— PROBLEM TO SOLVE —
Starting at the line containing "portada La España de José Martí (Vidas)" and ending at the line containing "Изображение товара Керамическая", transcribe the listing below exactly. Keep both end lines, skip the pictures, and copy nothing else.

— SOURCE INFORMATION —

------------------------

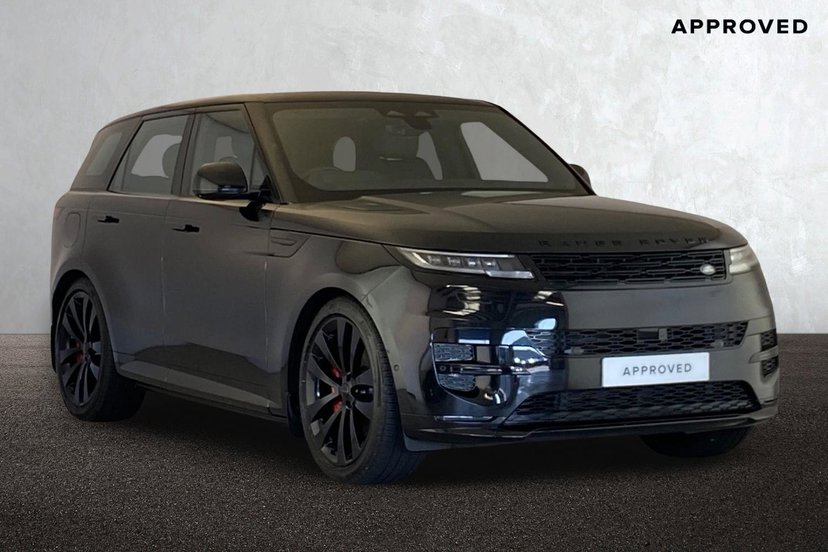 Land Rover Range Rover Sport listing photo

------------------------

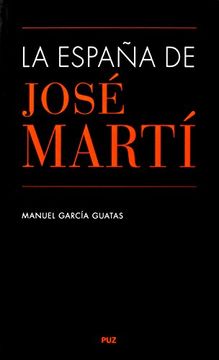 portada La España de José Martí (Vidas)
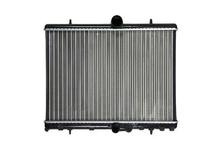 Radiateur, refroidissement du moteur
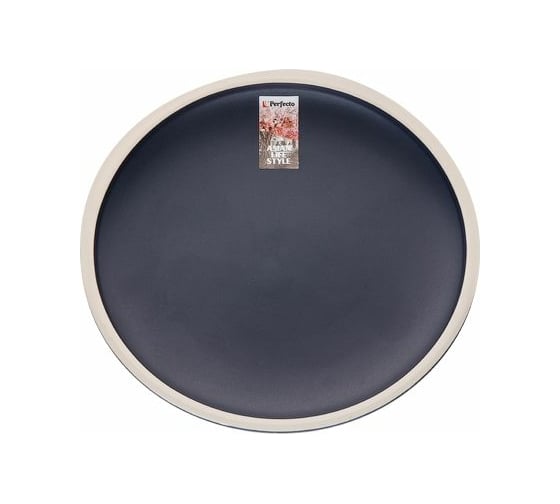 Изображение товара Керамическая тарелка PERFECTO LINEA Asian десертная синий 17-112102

------------------------

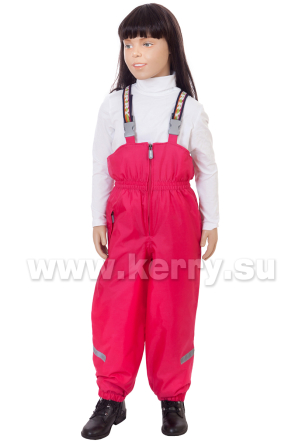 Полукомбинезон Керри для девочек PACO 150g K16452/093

------------------------

— RESPONSE AREA —
 portada La España de José Martí (Vidas)
 Radiateur, refroidissement du moteur
 Изображение товара Керамическая тарелка PERFECTO LINEA Asian десертная синий 17-112102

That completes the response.